> _Supplied data_:

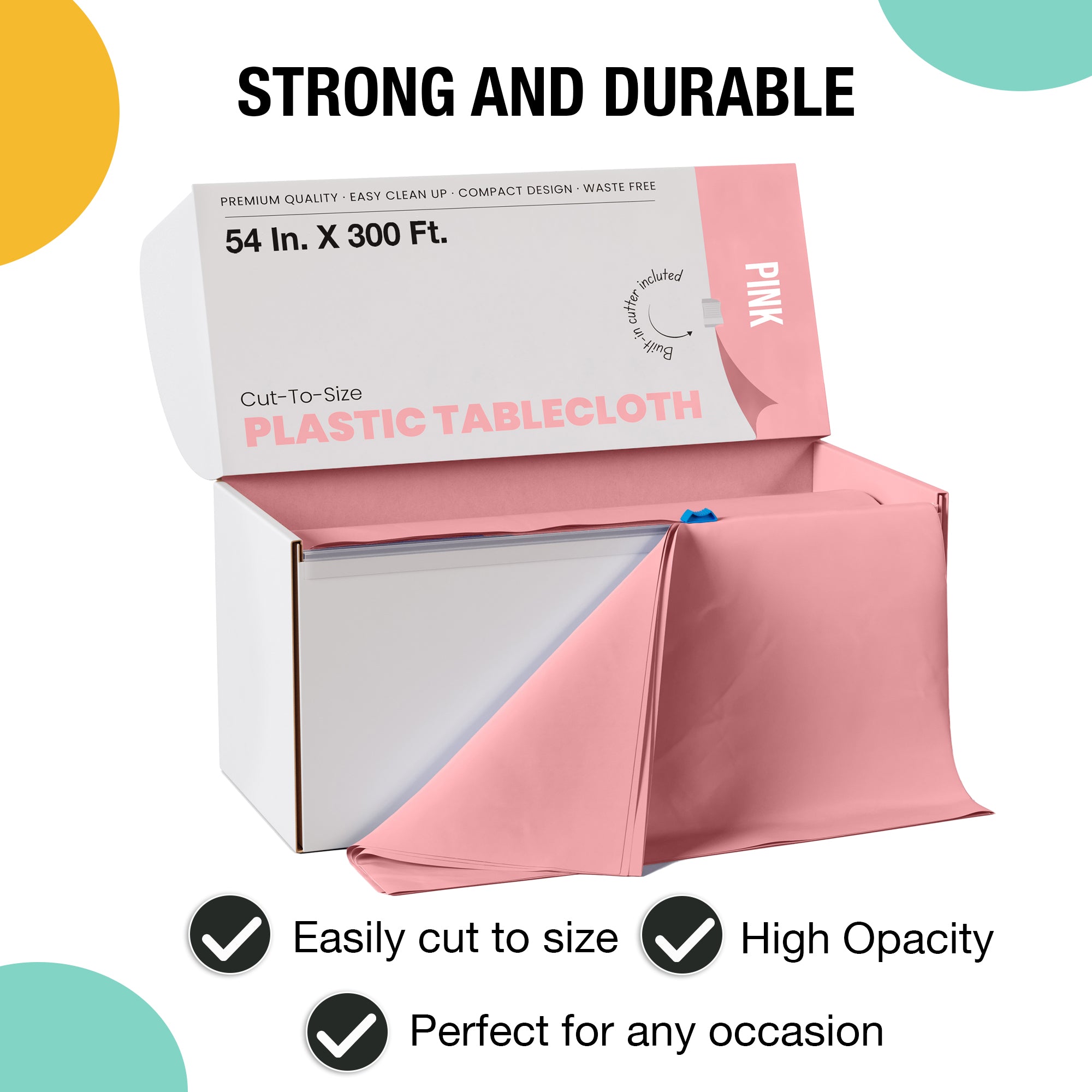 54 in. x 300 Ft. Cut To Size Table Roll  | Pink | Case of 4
==
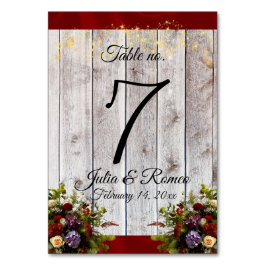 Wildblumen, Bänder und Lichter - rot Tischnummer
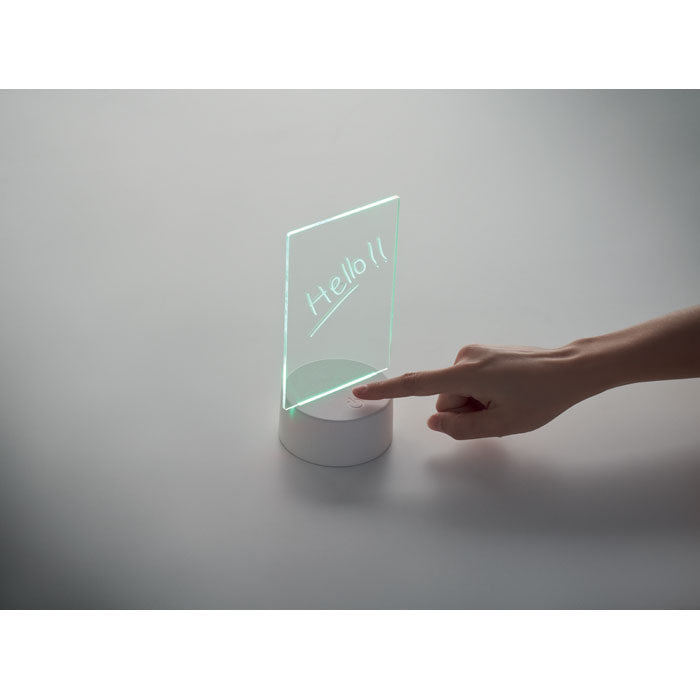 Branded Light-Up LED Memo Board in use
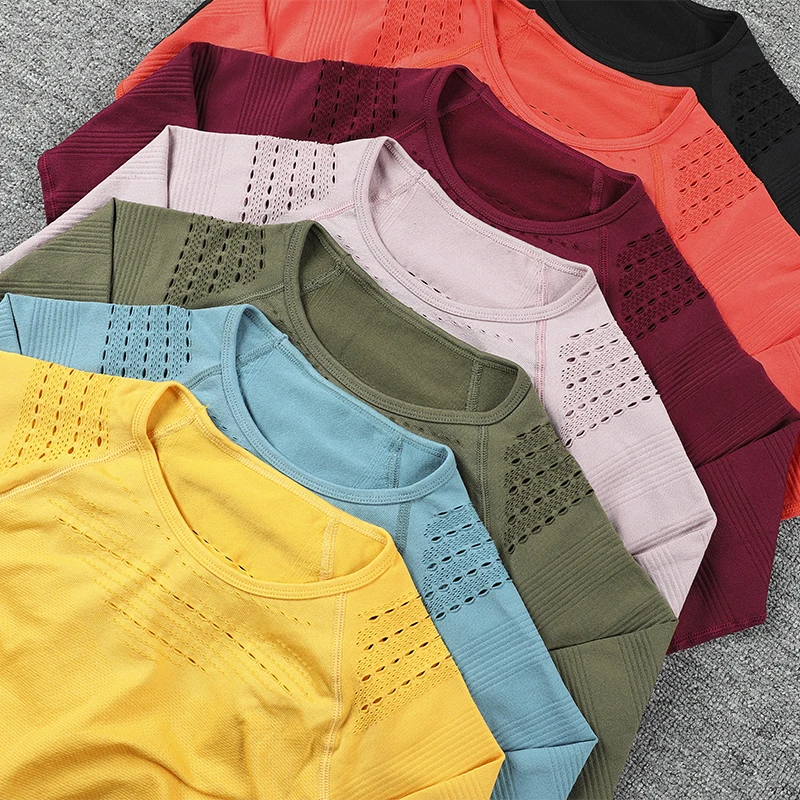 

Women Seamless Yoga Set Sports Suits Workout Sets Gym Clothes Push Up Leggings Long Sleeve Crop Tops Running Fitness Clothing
---
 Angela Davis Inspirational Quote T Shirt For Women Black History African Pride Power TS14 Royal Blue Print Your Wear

> _Task instructions_: Scan the records for the string "Women". Copy each line in which it appears.

> _Output_:
Women Seamless Yoga Set Sports Suits Workout Sets Gym Clothes Push Up Leggings Long Sleeve Crop Tops Running Fitness Clothing
 Angela Davis Inspirational Quote T Shirt For Women Black History African Pride Power TS14 Royal Blue Print Your Wear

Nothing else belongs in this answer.